Und so votierte die FDP gegen die Finanzierung – was wiederum dem Vorsitzenden der Gemeindevertretung, Hans-Joachim Jaxt, die Zornesröte ins Gesicht trieb. „Demokratie darf doch kein Preisschild haben“, hielt der SPD-Mann den Liberalen entgegen – und diesen foppend den Spiegel vor: „10 000 Euro für Jugendbeteiligung? Nein, danke. Dann lieber doch nicht, legen wir die Jugend wieder zurück ins Angebotsregal !“ Ausgehend von der Feststellung „Politik von heute betrifft immer auch die nächste Generation“, hielt Jaxt sodann ein flammendes, neunminütiges „Statement für die Jugend“ – etwas zu flammend, da sämtliche Zuhörer im Saal ja auf gleicher Wellenlänge lagen ...

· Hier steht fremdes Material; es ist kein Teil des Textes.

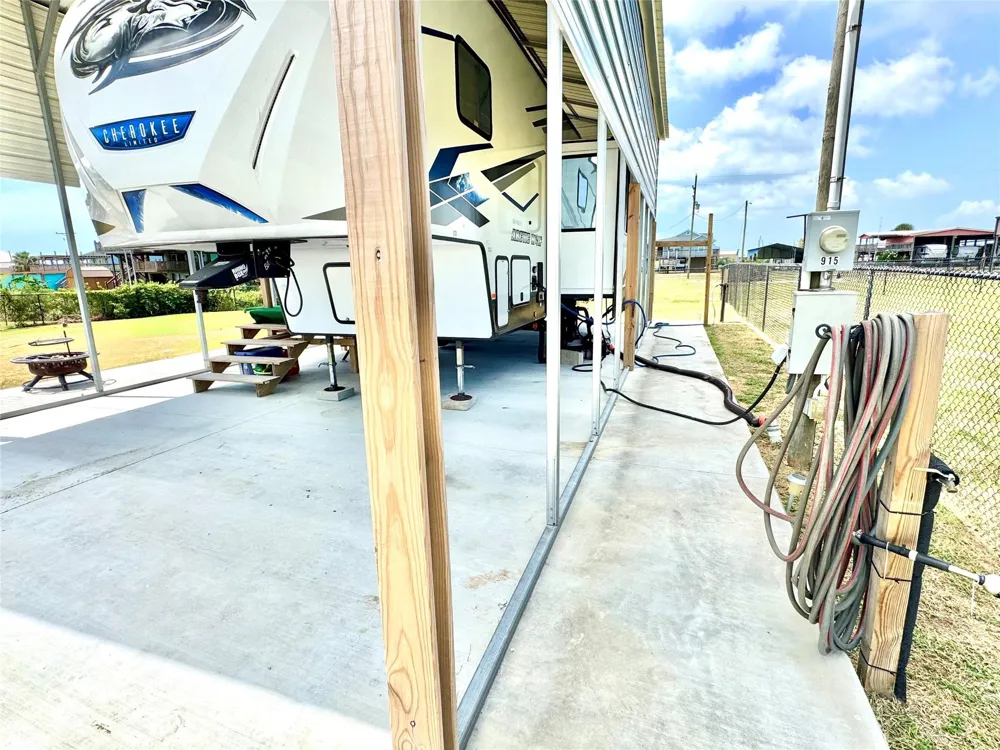 915 W Verdia Drive Crystal Beach, TX 77650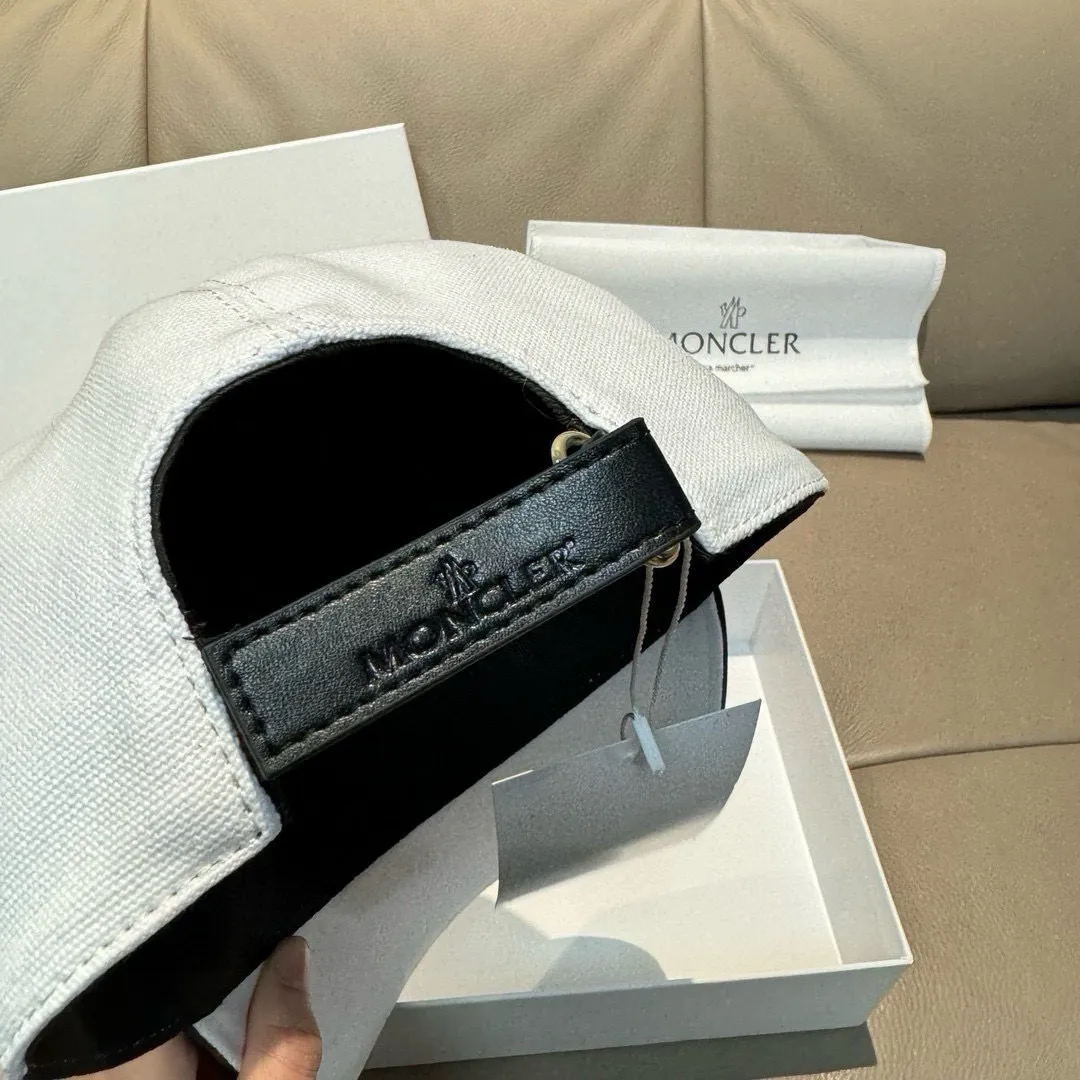 p90., Moncler muzzle classic original baseball cap, classic and popular style, 1:1 mold opening and customization at the counter, original canvas fabric + first layer of cowhide, pure cotton lining, light and breathable! The quality is great, the basic head circumference is 56cm, and the patch is adjustable.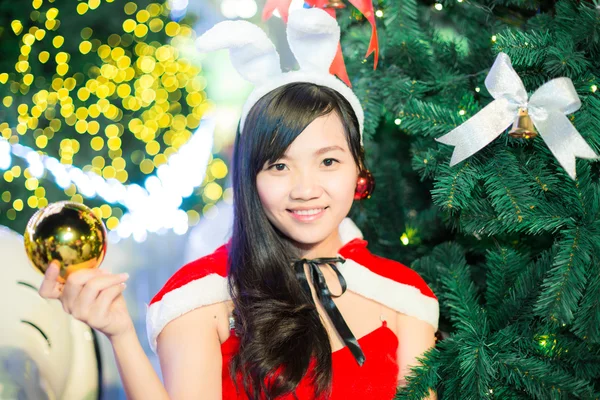 Asiatische Frauen tragen Weihnachtsmann-Klamotten mit Baum — Stockfoto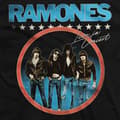 Miniatyrbild 2 av 3: Ramones Circle Photo T Shirt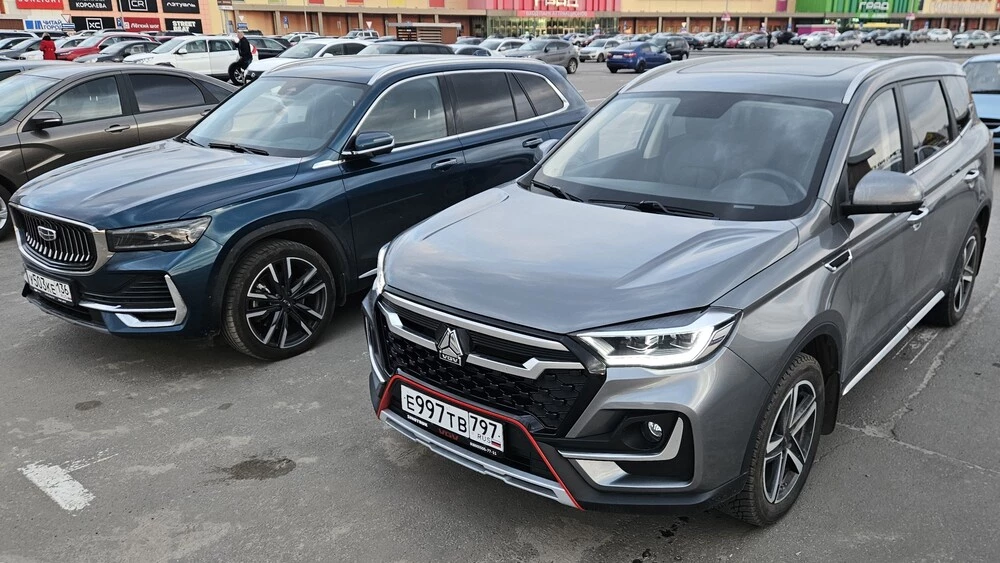 VGV U70 Pro Geely Monjaro сбоку спереди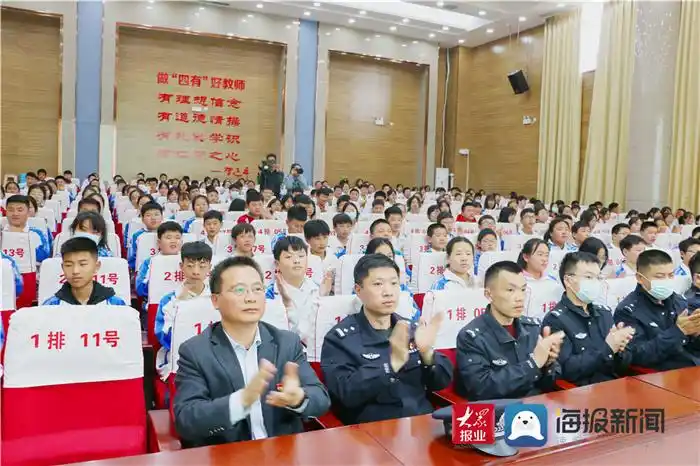 开发区岳程派出所法制教育活动走进广州路中学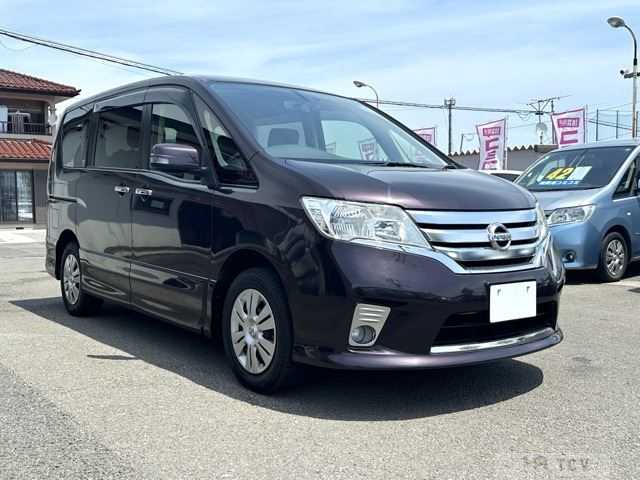 2012 Nissan Serena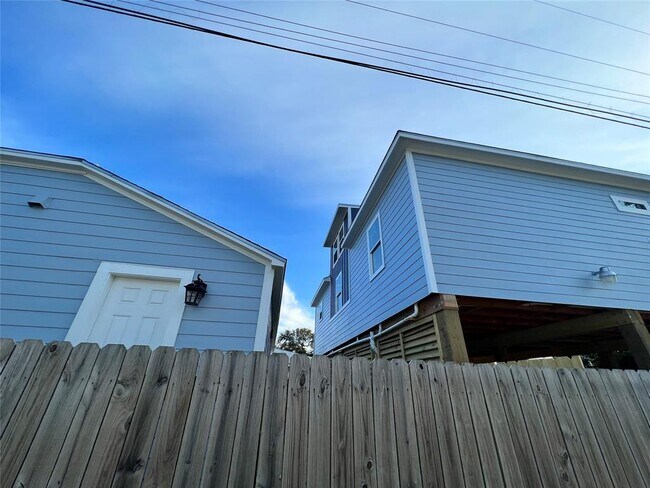 Building Photo - 1413 55th St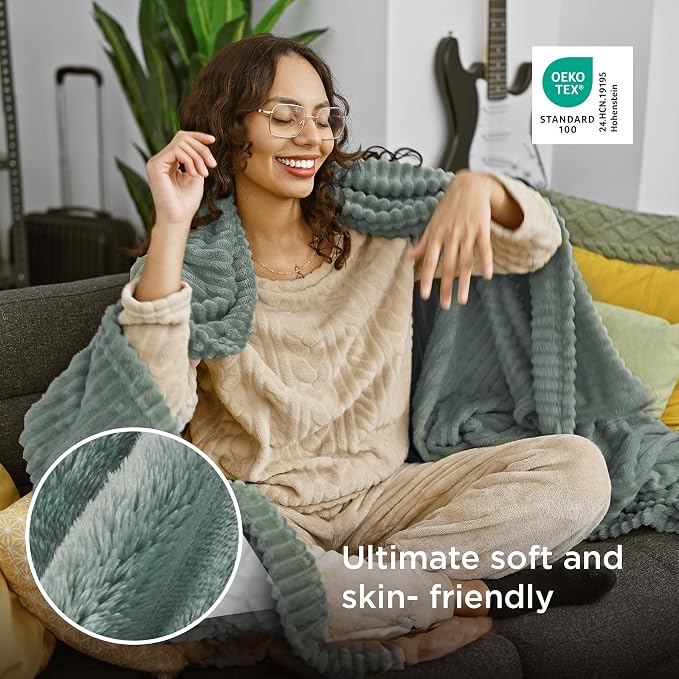 Bedsure Soft Sage Green Throw Blanket - Image 4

Der Zeitplan für den Fortgang ist straff: Im nächsten Schritt soll eine Geschäftsordnung verfasst und dem Gemeindeparlament vorgelegt werden, sollen das Wahlverfahren festgelegt und Kandidaten gefunden werden. Außerdem plant die Verwaltung Infoveranstaltungen für Jugendliche. Der Herbst soll dann den Wahlgang bringen, auf dass die politische Jugendvertretung bis Dezember aufgebaut sein wird. Nicht zuletzt dient der sportliche Fahrplan dem Zweck, den zum Jahresende aufkeimenden Kommunalwahlkampf zu meiden.